**Input material:**
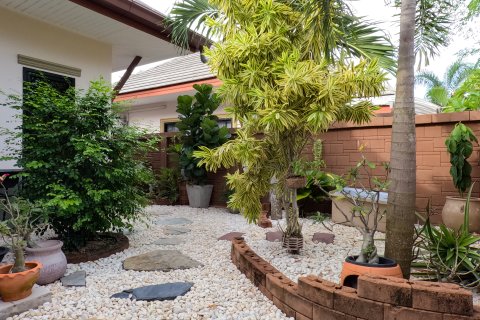 Вилла в Паттайе, Таиланд с 3 спальнями № 130444 - фото 2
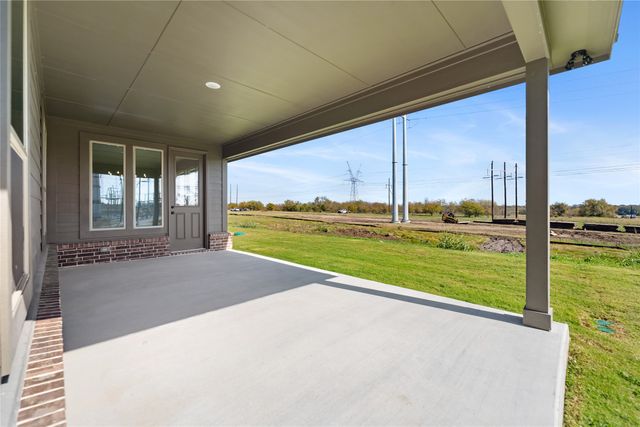 30 Roosevelt Lane, Valley View, TX 76272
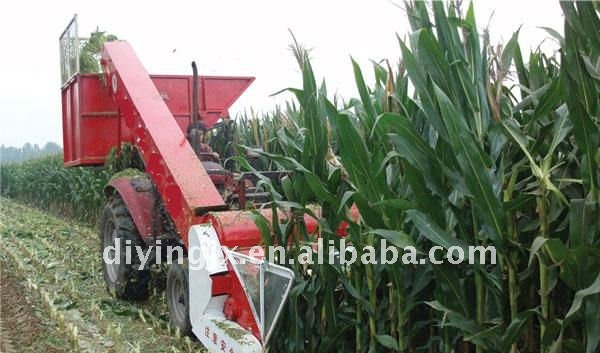 straw silage harvesting machine for animal feed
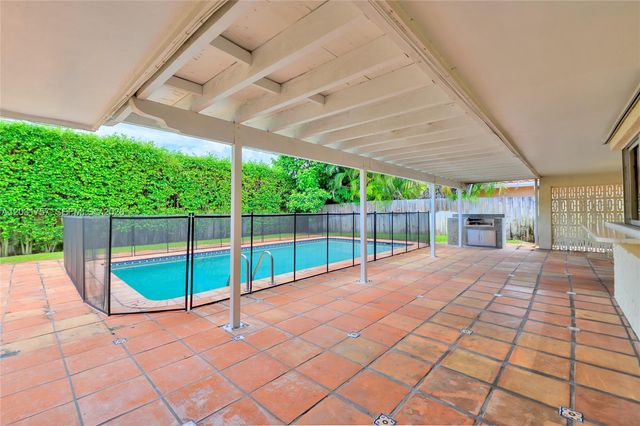 2120 NE 207th Street, Miami, FL 33179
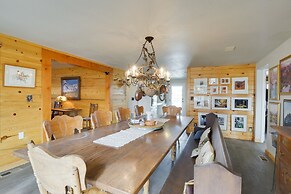 Jefferson Home w/ Mountain Views & Horse Pastures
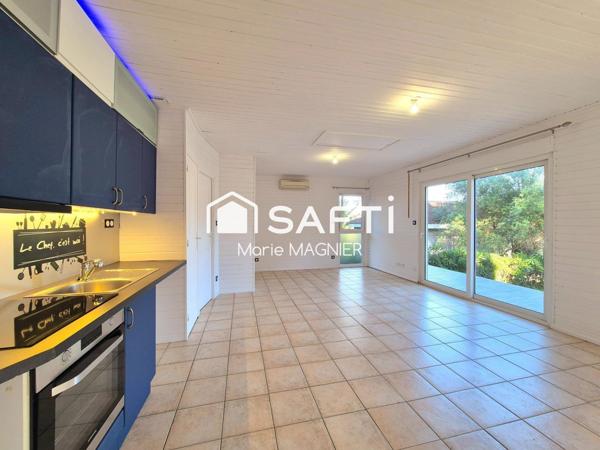 RARE SUR LE SECTEUR Beau Chalet  T3 - 2 chambres  de 50m2 entièrement rénové, avec sous sol aménagé, sur terrain de 234m2 clôturé, au calme,  résidence sécurisée avec piscine, à Gassin, proche commerces et plages.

**Description of the task:** The copy must start at the line containing "straw silage harvesting" and end at the last line of the data, matching each line exactly. It must hold no pictures.

**Exercise solution:**
 straw silage harvesting machine for animal feed
 2120 NE 207th Street, Miami, FL 33179
 Jefferson Home w/ Mountain Views & Horse Pastures
 RARE SUR LE SECTEUR Beau Chalet  T3 - 2 chambres  de 50m2 entièrement rénové, avec sous sol aménagé, sur terrain de 234m2 clôturé, au calme,  résidence sécurisée avec piscine, à Gassin, proche commerces et plages.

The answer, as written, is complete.